I’m posting about this in case it helps others, or triggers further ideas to improve the approach.

Solution walkthrough

For this walkthrough I’m going to use the following test data:

We have a list of fruit, each of which has a value. And we want to rank the fruit by that value. With a table calc this is easy! The third column below uses INDEX() computed by table down for example:

Firstly the big constraint: with a LOD we can jump out of the level of detail we have, to a higher or lower level of detail. However there really is no level of detail that tells us how many records have come before or after a particular record, as that before/after “group” is different for each record and so isn’t actually a different level of detail. My thinking is that we can’t simply use a LOD that counts the values (COUNT or COUNTD) before a particular record.

However, we can use a LOD to SUM up values across the data.
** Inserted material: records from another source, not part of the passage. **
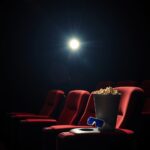 Dark home theater with a glowing projector beam, ready for a superhero movie marathon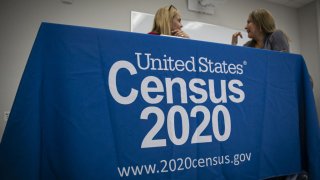 U.S. Census Bureau signage is displayed at a booth during a job fair for Hispanic professionals in Miami, Florida, U.S., on Wednesday, March 11, 2020. The Department of Labor is scheduled to release initial jobless claims figures on March 19.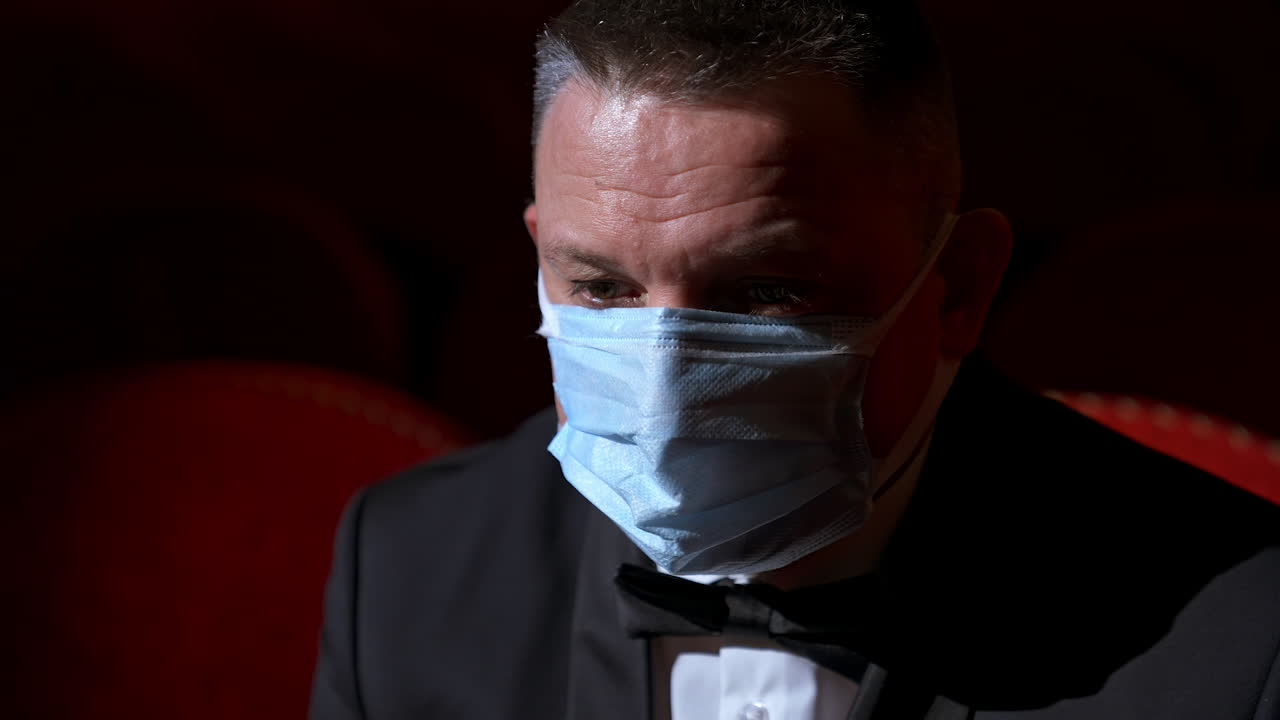 Lonely and sad visitor sits in empty theater hall alone. Person sits on a red chair during pandemic.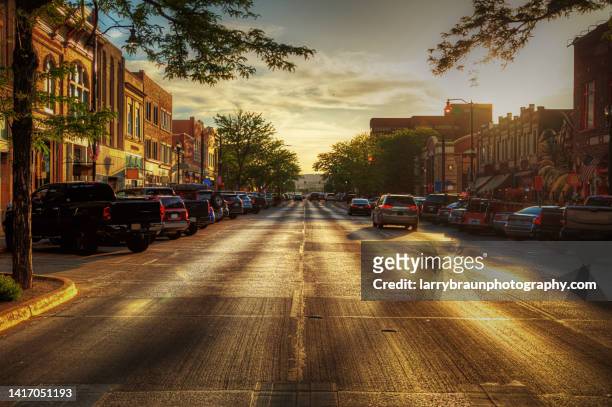 looking into the sunset on main street - small town stockfoto's en -beelden
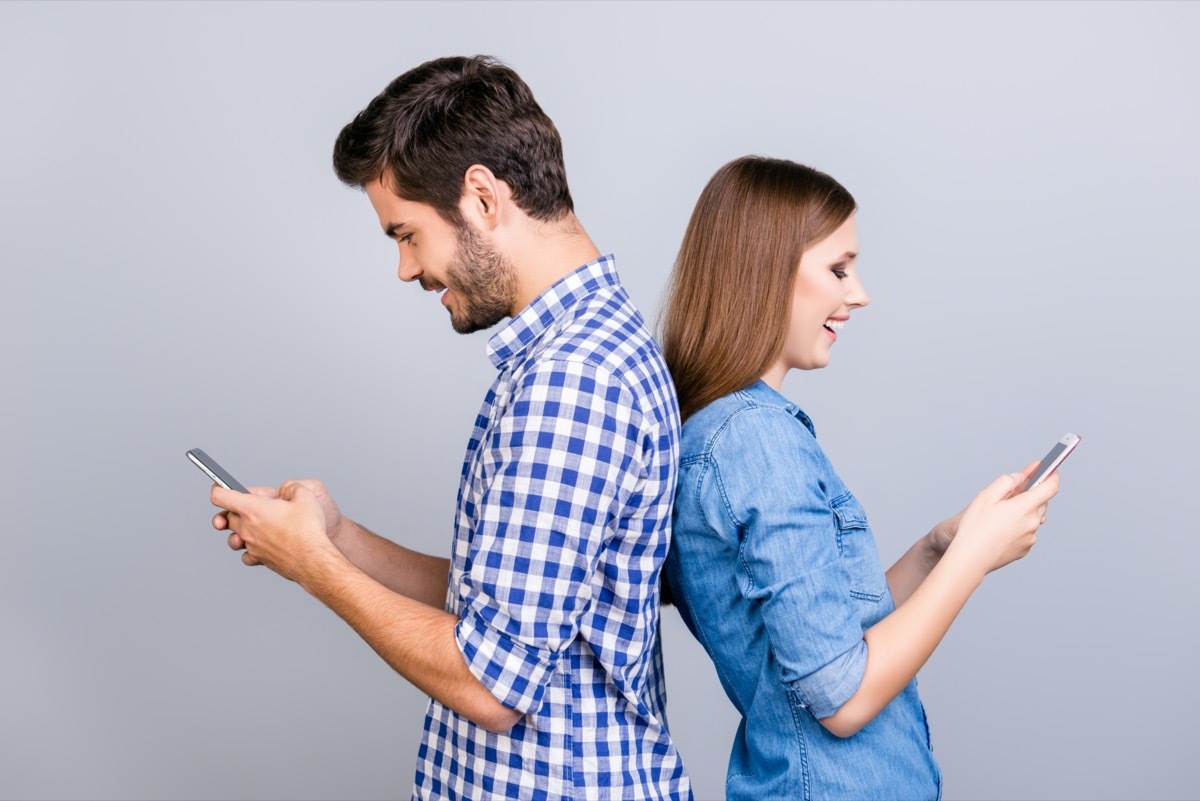 Man and woman standing back to back texting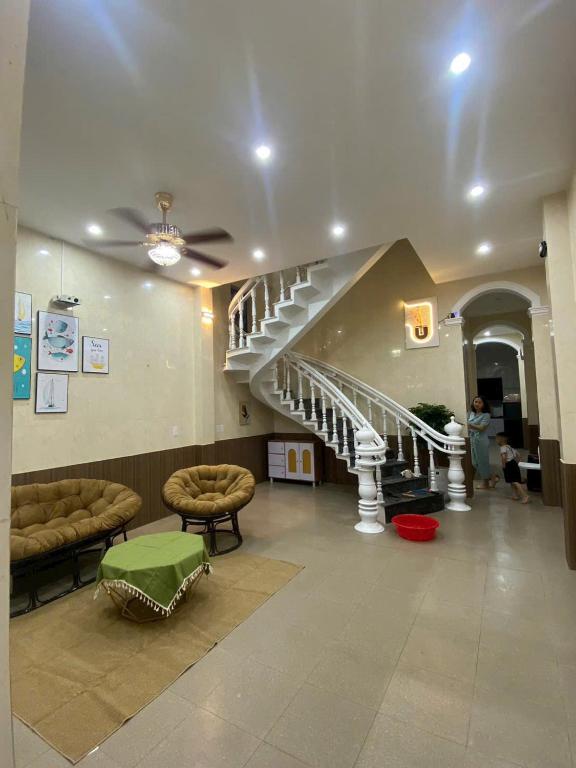a lobby with a staircase in a building with a person at Homestay Lumina in Dong Hoi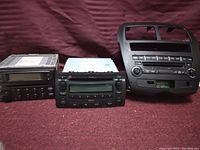 Three automotive stereo head units with AM/FM radio and CD players shown side by side on a burgundy fabric surface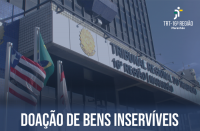 Fachada do prédio-sede do TRT16 com bandeiras hasteadas do Brasil, do Maranhão e do Tribunal. Abaixo, texto Doação de Bens Inservíveis na cor branca. No canto superior à direita, logomarca do Tribunal na cor branca.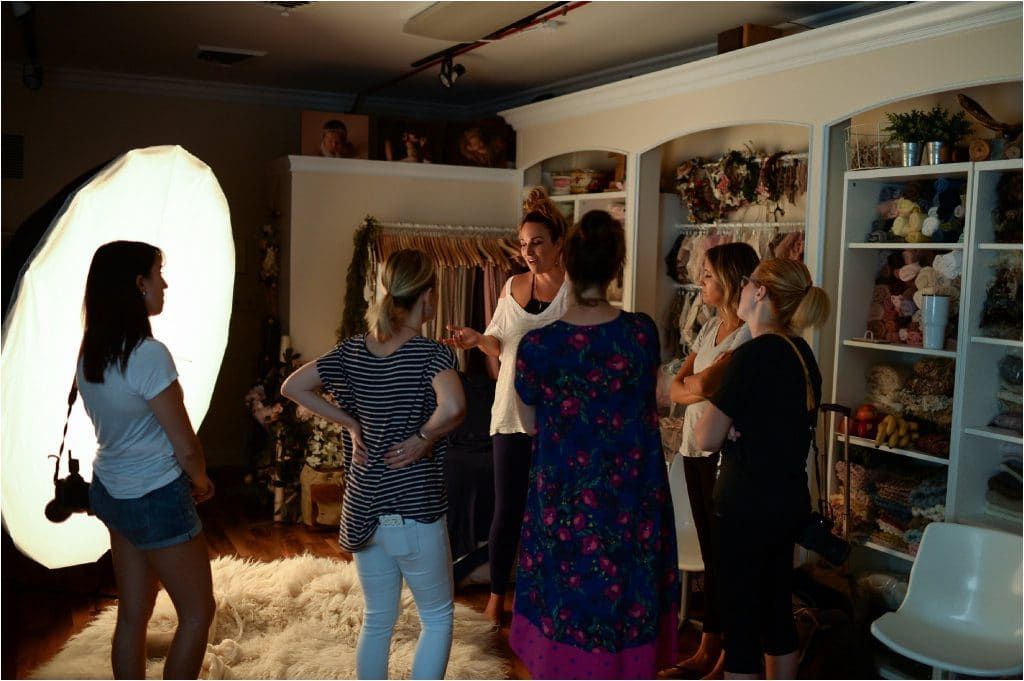 A group of women are standing in a circle in a room.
And if any given value always had a discernable position within that SUM we might be able to derive an index. At this point my mind turns to bits in binary numbers, or converting numbers to and from base 2.

In binary:

  • 1 is represented by 001
  • 2 is represented by 010
  • 3 is represented by 011
  • 4 is represented by 100
  • 5 is represented by 101, and so on

Perhaps we can switch on “bits” (the 1s above) at the position for each value we have and use that…

Unfortunately Tableau doesn’t offer great binary arithmetic but we can use strings and a brute force calc (this is where the limit on the number range comes in).

The LOD version in purple matches the table calc version in green

And here is breakdown of the results of each step of the calc…

LOD INDEX


Let’s take a look at how it works…

x1 =

[Value]-{FIXED:MIN([Value])}

The x1 calc ensures that the range of values starts at zero by subtracting off the minimum value across the data set (note that if you’re filtering your data you’ll need those filters to be context filters, or include them as a list of dimensions you’re fixing by between FIXED and the colon).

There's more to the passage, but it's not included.